* Data under study

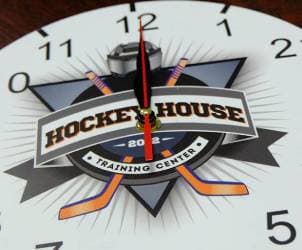 Простые часы на акриле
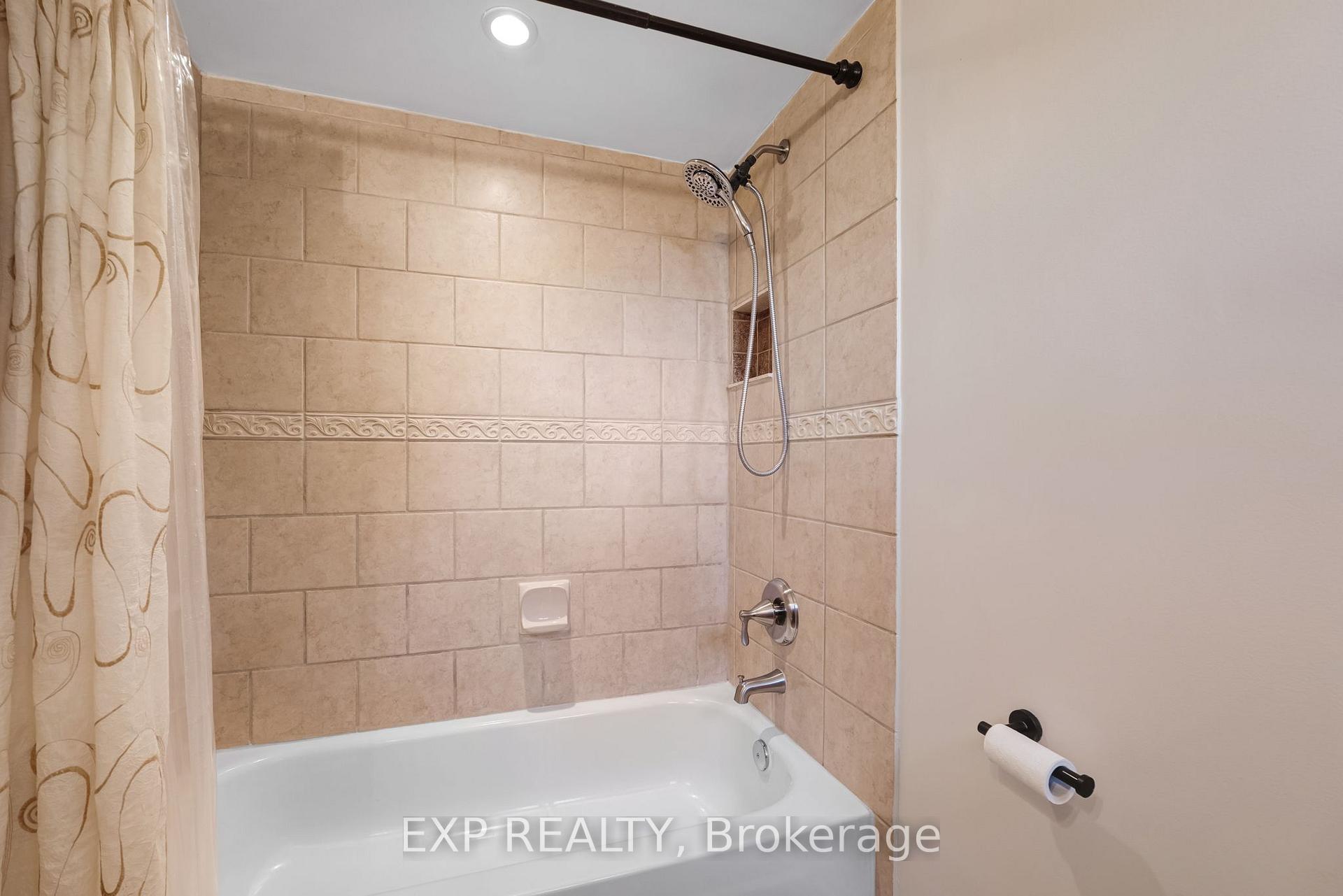 Photo 29 of 70 Natanya Boulevard, Georgina, Keswick North — HOMEH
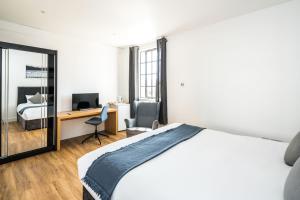 Postel nebo postele na pokoji v ubytování Equitable Hotel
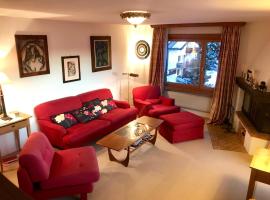 Apartments Chesa Guardaval，位于苏尔勒吉的酒店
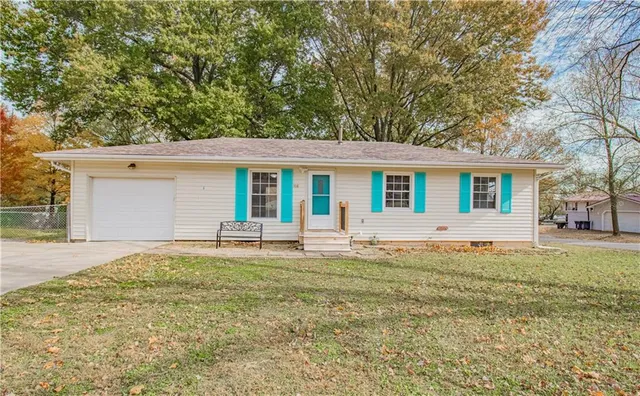 $195,000 | 108 Elm Street, Windsor, MO 65360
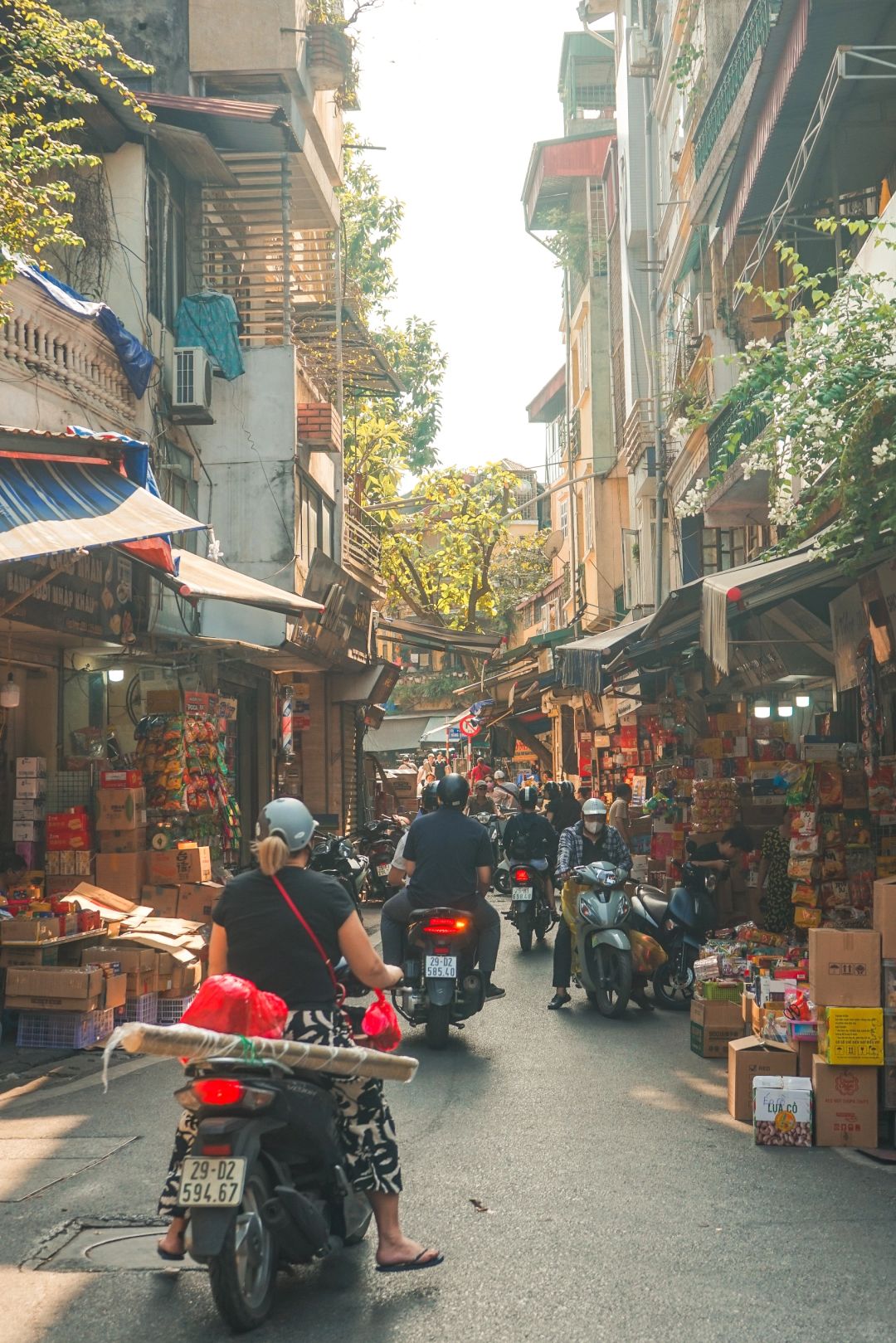 Hanoi-Travel and shop in Thang Long Ancient Town and Sanshiliuhang Street in Hanoi, Vietnam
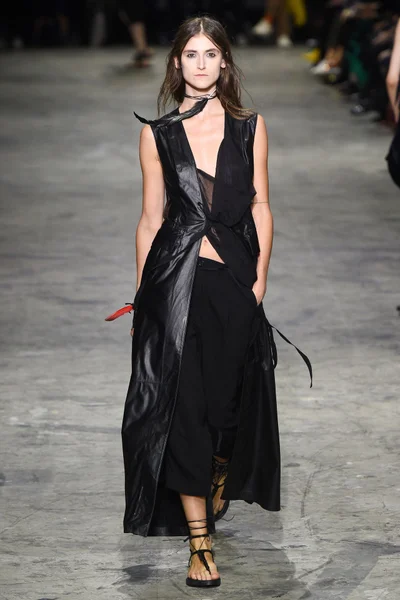 Look 26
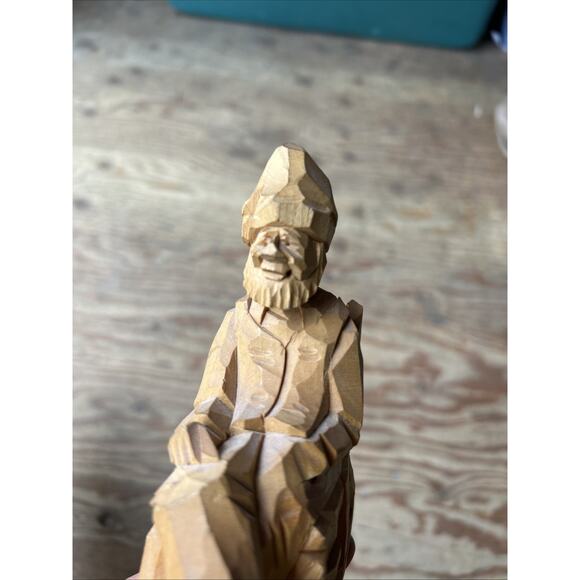 Hand carved old man sitting on a chair - Picture 4 of 8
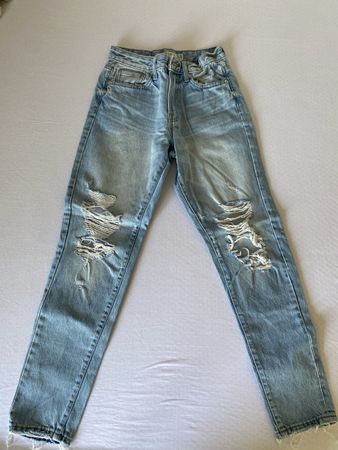 Amisu Jeans Gr. 34, hellblau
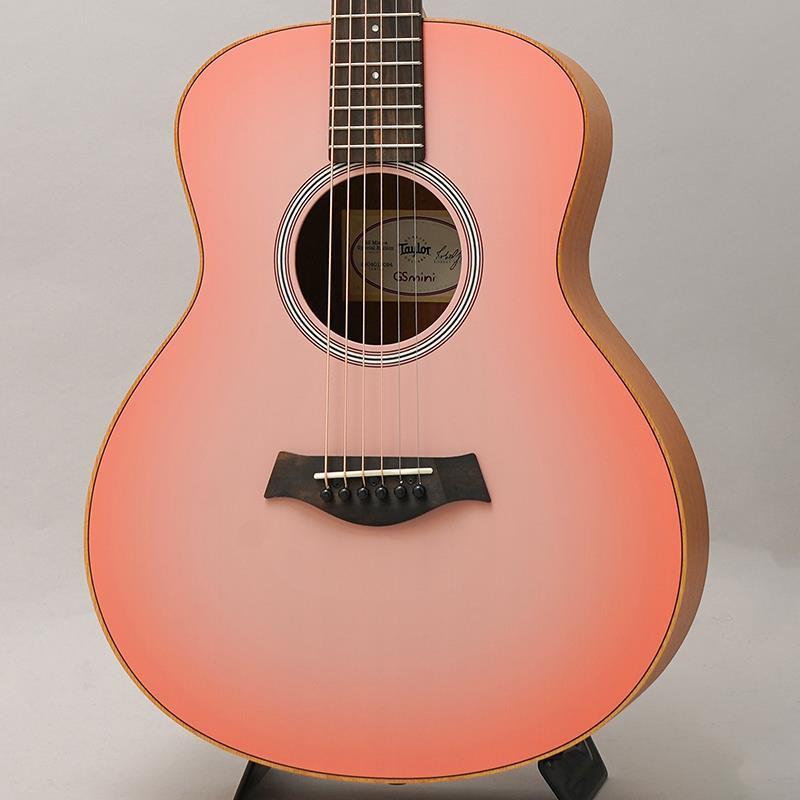 楽器種別：アウトレットTAYLOR/アウトレット 商品一覧＞＞アコースティック・エレアコギター【65，000円〜135，000円】 商品一覧＞＞エレアコギター/TAYLOR 商品一覧＞＞アコギ買うなら、当店で！出荷前の検品・調整はもちろん、丁寧梱包でお届けします！TAYLOR 【超目玉セール】【初売りセール】 【チョイ傷特価】GS Mini-e Special Edition (Sakuraburst) テイラー商品説明ブリッジ部外観不良の為、特別価格でのご提供！通常販売価格：￥119，000(税込)大人気テイラーの限定モデル！小振りなGS Miniのリミテッドエディション！1974年の創立より厳選されたウッドマテリアル、パーツを最新技術と熟達したクラフトマンの手によって生み出されるテイラーのギターはトップミュージシャンからも高い評価と支持を得ており、今やアメリカではトップクラスのシェアを誇る「テイラー」。テイラーのオリジナル・シェイプ「グランド・シンフォニー」をサイズダウンした「GS Mini」の限定カラーモデルが入荷いたしました！通常のサイズとベイビー・テイラーの中間に位置するボディ・サイズとなっています。かわいいルックスながら、サウンドは本格的！GS Miniでは初めての導入となるトリファイド・スプルースの単板材をトップに、サイドバックにはラミネート・サペリを使用しているので、このサイズながら抜群の鳴りが味わえます。ピックアップにはテイラーオリジナルのES-Bが搭載されており、幅広いサウンドメイクが可能です。一般的なギターからおよそ3/4程サイズダウンしたミニギターですが、フルサイズのボディにも負けないパワーに溢れた音量感が特徴です。かわいいルックスながら、サウンドは本格的！お家での練習からステージでのご利用にも幅広く活躍してくれること間違いなし！オススメの1本です！!商品詳細Top Wood: SITKA SPRUCE， TORREFIEDBack/Side Wood: SAPELE， LAYEREDNeck: MAHOGANYFretboard: CRELICAM EBONYNut Width: 1-11/16 Scale Length: 23-1/2Bracing: X-BracingElectronics: ES-Bギグバッグ付属イケベカテゴリ_アコースティック・エレアコギター_エレアコギター_TAYLOR_アウトレット SW_TAYLOR_アウトレット JAN:0887766138945 登録日:2025/12/04 エレアコ テイラー テーラー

* Goal of the exercise
Leaving the pictures aside, write out only the lines from the one containing "Windsor, MO 65360" through the end of the material, exactly as they stand.

* Response
 $195,000 | 108 Elm Street, Windsor, MO 65360
 Hanoi-Travel and shop in Thang Long Ancient Town and Sanshiliuhang Street in Hanoi, Vietnam
 Look 26
 Hand carved old man sitting on a chair - Picture 4 of 8
 Amisu Jeans Gr. 34, hellblau
 楽器種別：アウトレットTAYLOR/アウトレット 商品一覧＞＞アコースティック・エレアコギター【65，000円〜135，000円】 商品一覧＞＞エレアコギター/TAYLOR 商品一覧＞＞アコギ買うなら、当店で！出荷前の検品・調整はもちろん、丁寧梱包でお届けします！TAYLOR 【超目玉セール】【初売りセール】 【チョイ傷特価】GS Mini-e Special Edition (Sakuraburst) テイラー商品説明ブリッジ部外観不良の為、特別価格でのご提供！通常販売価格：￥119，000(税込)大人気テイラーの限定モデル！小振りなGS Miniのリミテッドエディション！1974年の創立より厳選されたウッドマテリアル、パーツを最新技術と熟達したクラフトマンの手によって生み出されるテイラーのギターはトップミュージシャンからも高い評価と支持を得ており、今やアメリカではトップクラスのシェアを誇る「テイラー」。テイラーのオリジナル・シェイプ「グランド・シンフォニー」をサイズダウンした「GS Mini」の限定カラーモデルが入荷いたしました！通常のサイズとベイビー・テイラーの中間に位置するボディ・サイズとなっています。かわいいルックスながら、サウンドは本格的！GS Miniでは初めての導入となるトリファイド・スプルースの単板材をトップに、サイドバックにはラミネート・サペリを使用しているので、このサイズながら抜群の鳴りが味わえます。ピックアップにはテイラーオリジナルのES-Bが搭載されており、幅広いサウンドメイクが可能です。一般的なギターからおよそ3/4程サイズダウンしたミニギターですが、フルサイズのボディにも負けないパワーに溢れた音量感が特徴です。かわいいルックスながら、サウンドは本格的！お家での練習からステージでのご利用にも幅広く活躍してくれること間違いなし！オススメの1本です！!商品詳細Top Wood: SITKA SPRUCE， TORREFIEDBack/Side Wood: SAPELE， LAYEREDNeck: MAHOGANYFretboard: CRELICAM EBONYNut Width: 1-11/16 Scale Length: 23-1/2Bracing: X-BracingElectronics: ES-Bギグバッグ付属イケベカテゴリ_アコースティック・エレアコギター_エレアコギター_TAYLOR_アウトレット SW_TAYLOR_アウトレット JAN:0887766138945 登録日:2025/12/04 エレアコ テイラー テーラー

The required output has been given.